STRING suball(STRING pattern, STRING text, STRING rewrite, STRING fallback="**SUBALL FUNCTION FAILED**", BOOL utf8=0, BOOL posix_syntax=0, BOOL longest_match=0, INT max_mem=8388608, BOOL literal=0, BOOL never_nl=0, BOOL dot_nl=0, BOOL never_capture=0, BOOL case_sensitive=1, BOOL perl_classes=0, BOOL word_boundary=0, BOOL one_line=0)

Like the sub() function, except that all successive non-overlapping matches in text are replace with rewrite.

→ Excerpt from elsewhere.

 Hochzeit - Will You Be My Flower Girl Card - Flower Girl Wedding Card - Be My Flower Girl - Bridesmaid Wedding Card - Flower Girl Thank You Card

The default fallback is "**SUBALL FUNCTION FAILED**". The suball() function fails under the same conditions as sub().

Example:

# If the beresp header X-Sub-Letters contains "b+", and Host contains
# "www.yabba.dabba.doo.com", then set X-Yada to
# "www.yada.dada.doo.com".
set beresp.http.X-Yada = re2.suball(beresp.http.X-Sub-Letters,
                                    bereq.http.Host, "d");

extract

STRING extract(STRING pattern, STRING text, STRING rewrite, STRING fallback="**EXTRACT FUNCTION FAILED**", BOOL utf8=0, BOOL posix_syntax=0, BOOL longest_match=0, INT max_mem=8388608, BOOL literal=0, BOOL never_nl=0, BOOL dot_nl=0, BOOL never_capture=0, BOOL case_sensitive=1, BOOL perl_classes=0, BOOL word_boundary=0, BOOL one_line=0)

Compiles pattern with the given options, and if it matches text, then return rewrite with substitutions from the matching portions of text, ignoring the non-matching portions.

The default fallback is "**EXTRACT FUNCTION FAILED**". The extract() function fails under the same conditions as sub() and suball().

Example:

# If beresp header X-Params contains "(foo|bar)=(baz|quux)", and the
# URL contains "bar=quux", then set X-Query to "bar:quux".
set beresp.http.X-Query = re2.extract(beresp.http.X-Params, bereq.url,
                                      "\1:\2");

set

new OBJ = set(ENUM {none,start,both} anchor="none", BOOL utf8=0, BOOL posix_syntax=0, BOOL longest_match=0, INT max_mem=8388608, BOOL literal=0, BOOL never_nl=0, BOOL dot_nl=0, BOOL case_sensitive=1, BOOL perl_classes=0, BOOL word_boundary=0, BOOL one_line=0)

Initialize a set object that represents several patterns combined by alternation -- | for "or".

Optional parameters control the interpretation of the resulting composed pattern. The anchor parameter is an enum that can have the values none, start or both, where none is the default. start means that each pattern is matched as if it begins with ^ for start-of-text, and both means that each pattern is anchored with both ^ at the beginning and $ for end-of-text at the end. none means that each pattern is interpreted as a partial match (although individual patterns within the set may have either of ^ of $).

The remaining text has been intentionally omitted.